- Available data
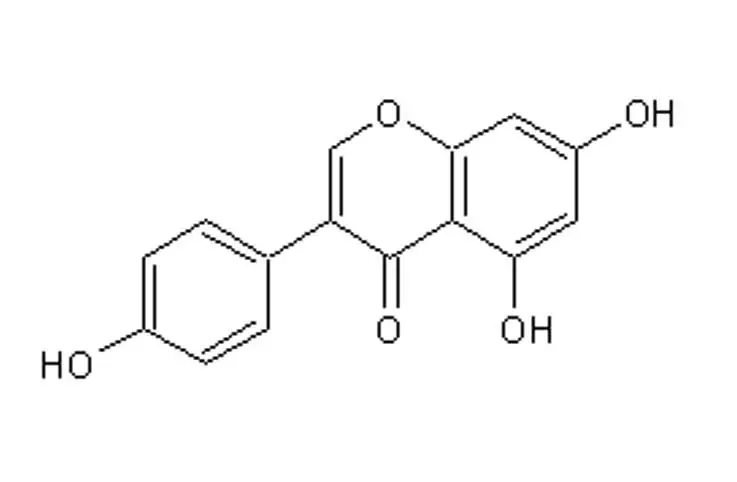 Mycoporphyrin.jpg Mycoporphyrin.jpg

...

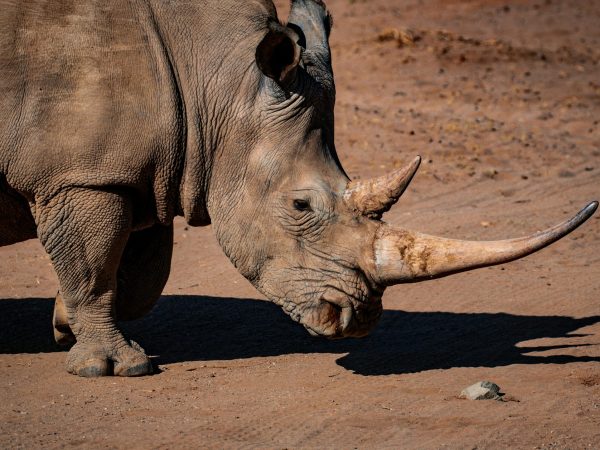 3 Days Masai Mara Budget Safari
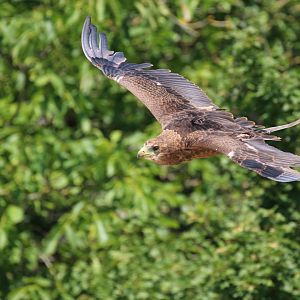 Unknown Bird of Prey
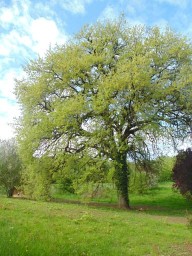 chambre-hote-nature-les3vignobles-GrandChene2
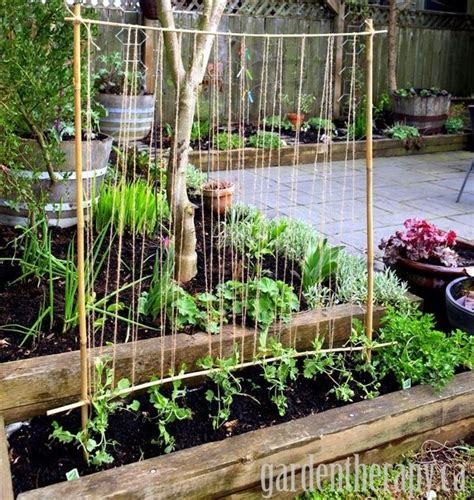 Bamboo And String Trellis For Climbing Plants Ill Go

--

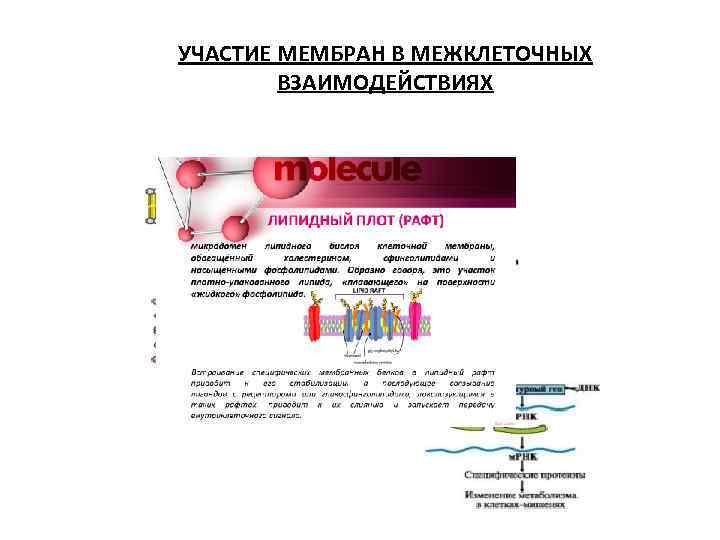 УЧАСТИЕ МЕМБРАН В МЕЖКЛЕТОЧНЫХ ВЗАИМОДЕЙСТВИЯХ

- Exercise requirements
Take the material above from the line containing "chambre-hote-nature-les3vignobles-GrandChene2" up to and including the line containing "Bamboo And String" and retype it exactly, without any pictures.

- Problem solution
 chambre-hote-nature-les3vignobles-GrandChene2
 Bamboo And String Trellis For Climbing Plants Ill Go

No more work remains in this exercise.